# Best way to migrate to FreeBSD



## jonfr (Jun 9, 2012)

I am currently using Gentoo Linux with ext3 and ext4 file system. I use it both as desktop and a server. I have decided to move from Gentoo Linux to FreeBSD. The reason is that Gentoo Linux has now been for some time terribly inconstant at the package level. But that means for me wasted time on solving problems that I should not have needed to solve. As it should be in the development arena to do so.

I need to find a good way to move my data from ext3/4 to the FreeBSD filesystem (UFS2?). I also need to find a good way to move my user data into FreeBSD equal of /home. But before I move my desktop computer. I plan to move my server over to FreeBSD first. It contains fewer data that need to be saved (if any). But I need a few things running on it that I use. Then it is a matter of the programs that I use in Gentoo Linux. I think most of them exist in FreeBSD.

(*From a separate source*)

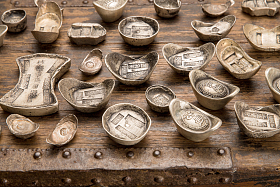 金元宝和银元宝照片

On my server computer (also Gentoo Linux). I use Aiccu and radvd for IPv6 connection. I also use it as test server for mysql, web pages etc, when I need to do so. Other servers I run on it are dhcpd and dnsmasq for DNS resolving, Samba is also used to transfer files to the web server over the local LAN.

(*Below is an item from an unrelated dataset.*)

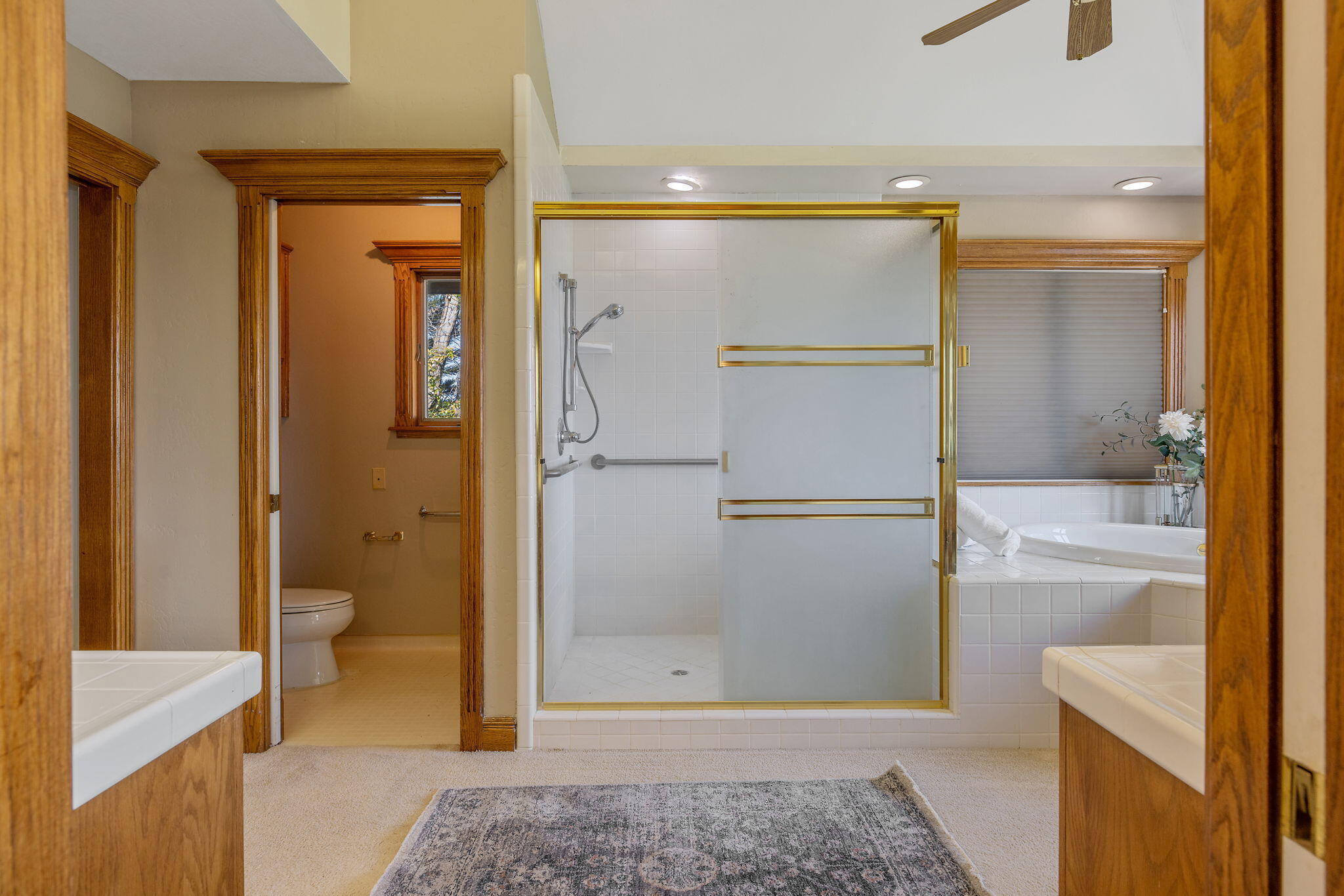 315 Valley View Dr, Exeter, CA 93221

But I am sure that I am missing something here. So anything that might be please let me know. Thanks for the help!


----------



## DutchDaemon (Jun 9, 2012)

To anyone replying: please keep your answers *general*. The question covers file systems, storage, web services, networking, ports, etc. Answering every single question will derail this topic. 

Poster: detailed questions need to be asked in separate topics in the applicable sub-forums. These 'catch-all' questions usually don't result in usable answers. So only general answers may be given.


----------



## jonfr (Jun 9, 2012)

Thanks for that. I've will get into detailed questions when I start the migration to FreeBSD. But I am not sure on the time frame of that as of yet. But I need to read up on the manual first. But I also need few general answers to start with.


----------



## UNIXgod (Jun 10, 2012)

You can compile ext3 support as read only when you install a custom FreeBSD kernel. From there you can migrate the data. This would require a new disc.

Another way would be to copy it over the network if your setting up a new box. This would require a second computer.

If neither of these are options the last way would be to backup data to tape, CD, DVD or thumb device and migrate the data that way.


----------



## jonfr (Jun 10, 2012)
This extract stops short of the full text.